# Neat trick I used to clean cruddy loose bearings



## Lonestar (Jan 1, 2021)

I wanted to share a quick story from this morning...
I was re-assembling a front hub on a bike I just bought from an awesome Caber buddy, ( Thanks @hm.  ) and it was time to clean the loose bearings. I had them soaking in WD-40 & was going to scrub them with a stiff bristled toothbrush. The very 1st one I started on popped out of my fingers, hit the worktable, then that awful sound of it rolling across my deck. Then silence...
It fell between the deck boards....Nooooooooo! Fortunately, I noticed it resting between 2 boards. I grabbed this little stack of very powerful industrial magnets I have from a past job. (the little stack with the Lonestar Beer bottle cap "handle" in the pics)
POP! It flew to the magnet & I breathed a huge sigh of relief.
This gave me a thought...I bet the magnets would hold the bearings while I scrubbed them up. Viola! Worked incredibly well! I was amazed...

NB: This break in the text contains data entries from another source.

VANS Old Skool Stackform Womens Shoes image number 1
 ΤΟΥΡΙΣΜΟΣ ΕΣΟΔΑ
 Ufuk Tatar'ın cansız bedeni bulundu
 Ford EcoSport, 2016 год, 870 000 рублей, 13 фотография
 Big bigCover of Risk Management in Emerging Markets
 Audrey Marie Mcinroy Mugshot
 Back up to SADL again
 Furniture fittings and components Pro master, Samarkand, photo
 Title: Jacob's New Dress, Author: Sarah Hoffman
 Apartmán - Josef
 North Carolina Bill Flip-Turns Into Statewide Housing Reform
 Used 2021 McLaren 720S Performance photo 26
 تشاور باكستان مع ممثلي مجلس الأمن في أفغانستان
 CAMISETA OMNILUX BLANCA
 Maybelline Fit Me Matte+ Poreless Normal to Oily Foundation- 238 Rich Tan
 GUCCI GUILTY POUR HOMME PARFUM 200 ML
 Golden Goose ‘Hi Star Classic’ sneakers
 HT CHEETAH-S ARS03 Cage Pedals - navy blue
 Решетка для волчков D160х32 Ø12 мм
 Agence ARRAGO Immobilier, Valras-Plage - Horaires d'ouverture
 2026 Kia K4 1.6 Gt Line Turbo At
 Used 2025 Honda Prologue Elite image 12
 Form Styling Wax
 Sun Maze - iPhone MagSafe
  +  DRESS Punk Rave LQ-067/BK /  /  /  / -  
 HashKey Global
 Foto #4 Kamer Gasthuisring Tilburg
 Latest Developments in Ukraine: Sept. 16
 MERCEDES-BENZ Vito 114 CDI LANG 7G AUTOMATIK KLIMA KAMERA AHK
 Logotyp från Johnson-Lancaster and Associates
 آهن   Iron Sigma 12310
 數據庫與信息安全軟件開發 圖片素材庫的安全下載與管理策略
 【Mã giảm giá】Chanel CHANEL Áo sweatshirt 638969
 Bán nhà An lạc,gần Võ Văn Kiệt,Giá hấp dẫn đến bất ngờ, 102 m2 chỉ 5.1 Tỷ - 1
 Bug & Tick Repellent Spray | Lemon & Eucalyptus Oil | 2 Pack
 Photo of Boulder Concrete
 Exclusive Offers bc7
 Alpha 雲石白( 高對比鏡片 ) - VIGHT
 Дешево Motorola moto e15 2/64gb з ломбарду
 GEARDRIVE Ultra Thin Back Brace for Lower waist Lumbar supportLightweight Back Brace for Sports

Repacked the hub, popped them lil' suckers in, slide in the axle & job complete!
Just thought I'd share, hopin' to save some peeps the headaches of losing bearings...we've all been there!
Thanks


----------



## Lonestar (Jan 1, 2021)

Redneck parts washer!


----------



## GTs58 (Jan 1, 2021)

Harbor Freight has cheap magnetic bowls and I use those at work sometimes to clean very small greasy machine parts like small springs, screws etc.. I have a habit of dropping everything that's small.


----------



## Lonestar (Jan 1, 2021)

GTs58 said:


> Harbor Freight has cheap magnetic bowls and I use those at work sometimes to clean very small greasy machine parts like small springs, screws etc.. I have a habit of dropping everything that's small.



Me too! The West Coast Choppers bowl in the pics is magnetic as well, which has been handy in more than 1 situation!


----------